Lyon County heriff seeks another term
YERINGTON — Announcing his bid for re-election, incumbent Sid Smith accepts the challenge at least four opponents will offer in his effort to continue as Lyon County sheriff.
“The sheriff in Lyon County has run unopposed only four times since 1861, so I think competition goes with the job. I have been serving the people as sheriff for 10 years. They are either happy with what I have done or they are not,” Smith said. “I expect a clean, issue-oriented campaign. The competition is good. The people need a choice.”
Smith’s challengers so far include Charlie Duke of Dayton, John Garrison of Silver Springs, Dave Gill of Silver Springs and Frank Pizzo of Yerington.
Appointed sheriff in the spring of 1992 following the death of Sheriff Jim Guerts, Smith was elected for a two-year term in a special election that November.
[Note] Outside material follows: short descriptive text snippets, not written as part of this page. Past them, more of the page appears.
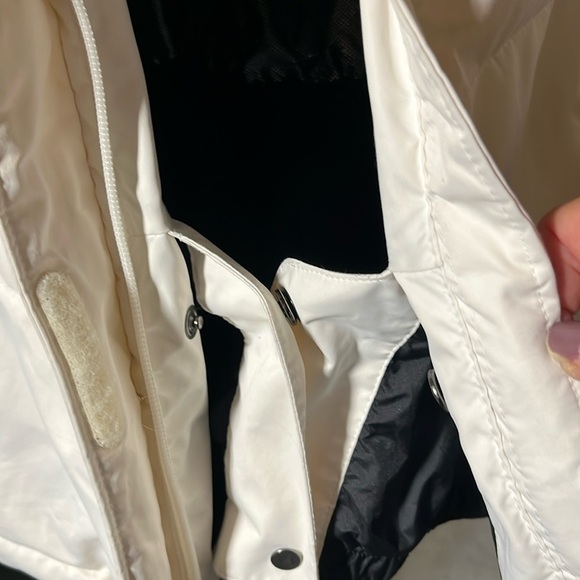 Columbia White Puffer Coat, Jacket - Picture 12 of 17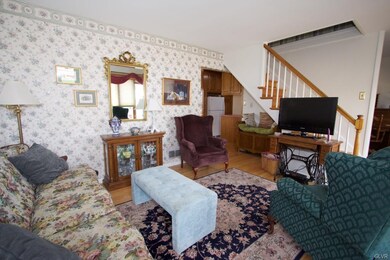 1509 Greenview Dr, Bethlehem, PA 18018 - photo 4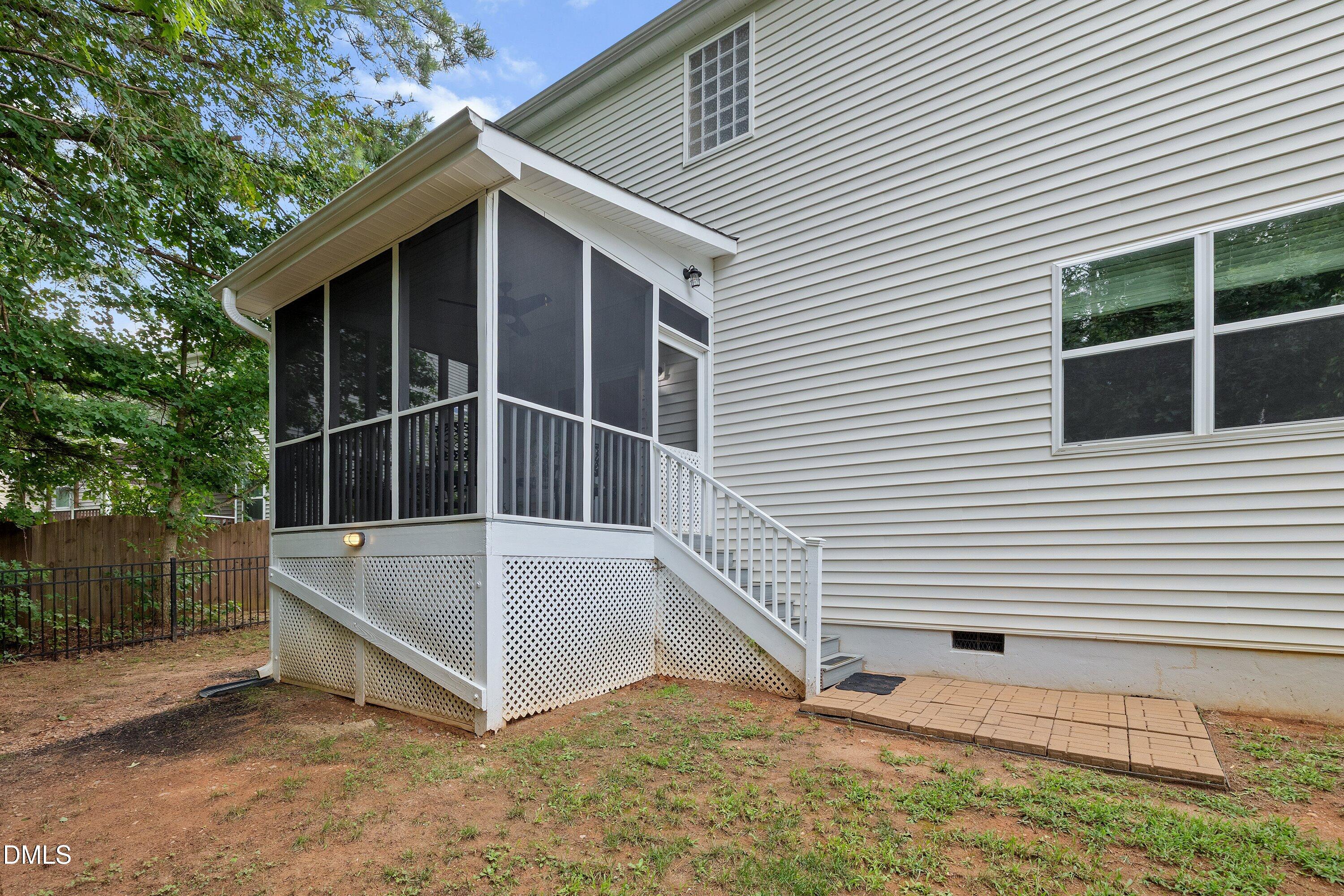 817 Edgeware Way Property Photo 66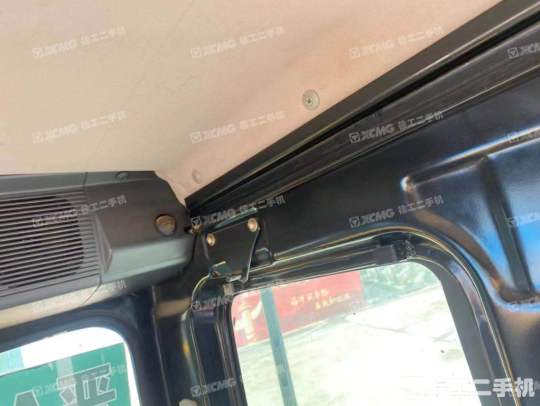 三一重工SY245履带式挖掘机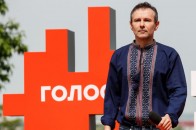 Погрожували фізичною розправою та матюкали: на волонтерів партії Вакарчука 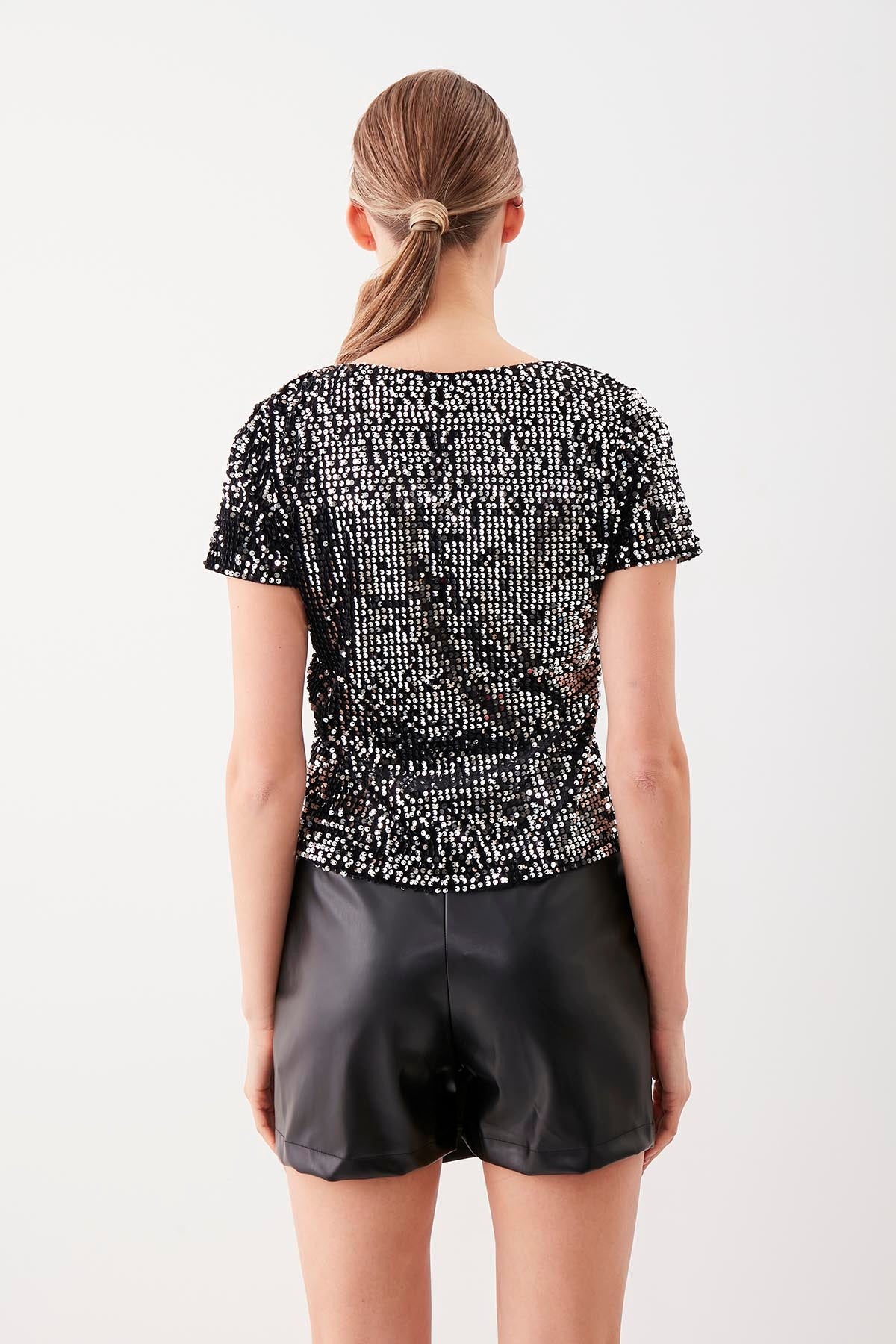 SEQUIN V COLLAR SHORT SLEEVE BLOUSE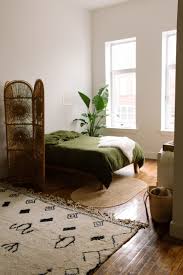A Warm Organic Brooklyn Apartment Was Designed With Zero Waste In Mind Minimalist Room Minimalist Room Design Small Apartment Decorating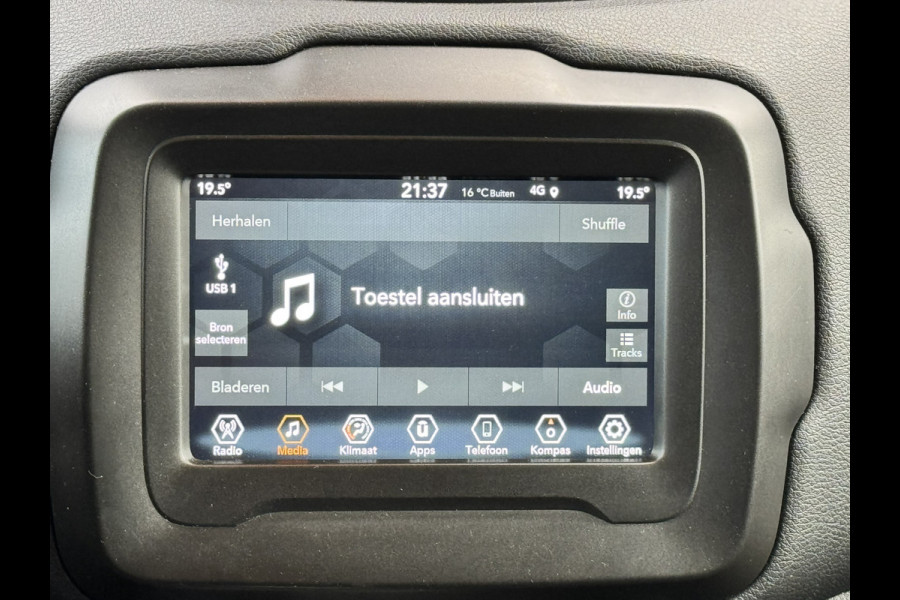 Jeep Renegade 1.0T 120 Night Eagle | Blackline | Clima | CarPlay | Keyless Jeep Renegade 1.0T 120 Night Eagle | Blackline | Clima | CarPlay | Keyless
He was re-elected to full terms in 1994 and 1998.
“I think I have done a good job and will run on my record; however, I still have things I want to do,” Smith said.
Another four years would, he hopes, allow him to see long-range plans for an expanded jail-safety complex and implementation of an enhanced 911 emergency response system come to fruition.
How to maintain an acceptable level of service with a budget strained by the county’s prolific growth and retaining quality people remain two of his greatest challenges.
“The Search and Rescue Team and the police reserve program are excellent examples of how the community can help, allowing our regular officers to attend to other duties,” he said. “Quality of life alone is not going to keep our trained officers here. The last four years we have doubled our level of training, but we do lose them to better compensating agencies.”
Smith said his department currently has two officers hired under the federally funded Police Corps program. The hiring agency gets a trained officer and $10,000 per year. The officer gets four years of college paid for and must agree to stay with the hiring agency for at least four years.
Citing accomplishments during his 10 years as sheriff, Smith said he is particularly proud of the reputation that has been established at the county jail.
“We have changed the whole philosophy at the jail. It is not inhumane or cruel, but is strict and very structured. Offenders do not look forward to serving time here, which is reflected, I think, in the decreased jail population over the past several years.”
Born in Ely, Smith moved to Yerington at the age of 3 and is a graduate of Yerington High School. After serving nine years in the U.S. Navy, he returned to Nevada in 1981. Other than three years with the Douglas County Sheriff’s Department, Smith’s 20-year law enforcement career has been with Lyon County.
A Dayton resident, Smith is married and has two daughters, the oldest a junior at Arizona State University.